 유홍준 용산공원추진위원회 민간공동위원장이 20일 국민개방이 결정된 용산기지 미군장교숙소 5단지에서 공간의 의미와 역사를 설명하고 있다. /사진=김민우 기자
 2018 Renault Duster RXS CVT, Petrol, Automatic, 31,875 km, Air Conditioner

**********

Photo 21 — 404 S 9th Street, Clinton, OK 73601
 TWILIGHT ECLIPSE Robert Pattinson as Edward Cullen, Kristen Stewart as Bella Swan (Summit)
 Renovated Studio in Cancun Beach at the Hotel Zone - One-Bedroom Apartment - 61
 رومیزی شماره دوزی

**********

Return, unchanged, the run of lines above that opens with the line containing "유홍준 용산공원추진위원회 민간공동위원장이" and closes with the line containing "2018 Renault Duster". Include both.

 유홍준 용산공원추진위원회 민간공동위원장이 20일 국민개방이 결정된 용산기지 미군장교숙소 5단지에서 공간의 의미와 역사를 설명하고 있다. /사진=김민우 기자
 2018 Renault Duster RXS CVT, Petrol, Automatic, 31,875 km, Air Conditioner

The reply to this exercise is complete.